Stop alla liquidazione. “Con tutto il rispetto dovuto al professionista che verrà nominato – afferma Cilona -, l’Amministrazione comunale dovrà rendere conto alla città di questa infelice scelta che è inspiegabile e inaccettabile. Il Comandante Pappalardo ha risanato l’azienda e ha fatto bene in questi anni, e sotto la sua guida non ci sono particolari problemi all’Asm. Adesso c’è da portare a termine la liquidazione e poteva farlo benissimo lui stesso, e invece non si sa bene per quale motivo è stato deciso di rimuoverlo e di nominare un nuovo liquidatore. Pappalardo dovrebbe completare il lavoro in azienda insieme al consulente contabile e fiscale Enrico Spicuzza, che ha lavorato bene anche lui”.
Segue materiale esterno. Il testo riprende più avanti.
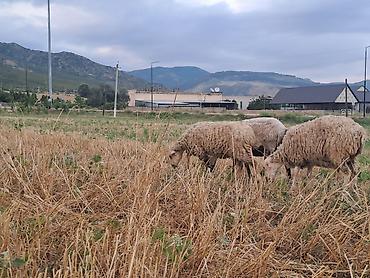 Digər heyvanlar: 5 baş balalı qoyun53 baş quzu quzuların çoxu erkəkdir .Topdan — 9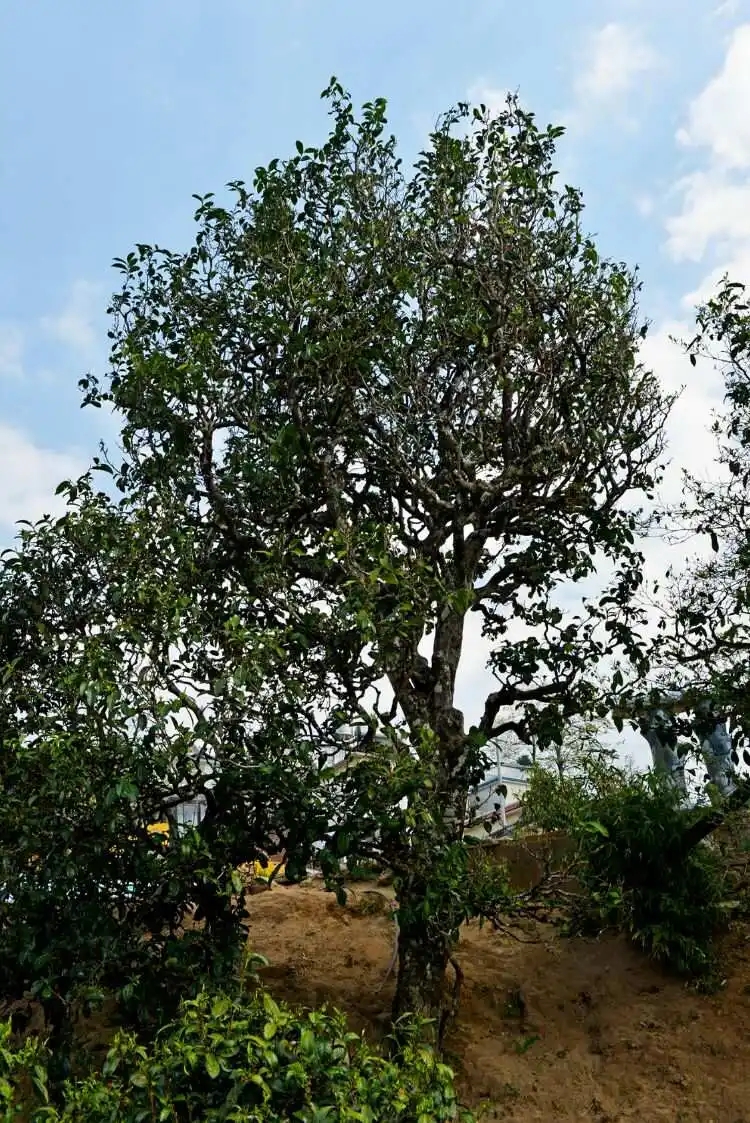 2024年冰島老寨古樹春茶口感是什么？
Nuove tensioni. “Con questa mossa azzardata – continua Cilona – si rischia di tornare alle tensioni politiche che hanno caratterizzato Asm per tanto tempo e che non hanno portato buone cose alla serenità dell’azienda. A nostro avviso si sta per compiere una scelta destabilizzante, di cui la maggioranza dovrà spiegare le dinamiche politiche e amministrative ai cittadini, e prima ancora a noi in Consiglio comunale. Con la forza dei numeri intendono cancellare cinque anni di risanamento, dimenticando che soltanto quando – come sinora – la politica è rimasta lontana da Asm, l’azienda ha operato con tranquillità e con ottimi risultati”.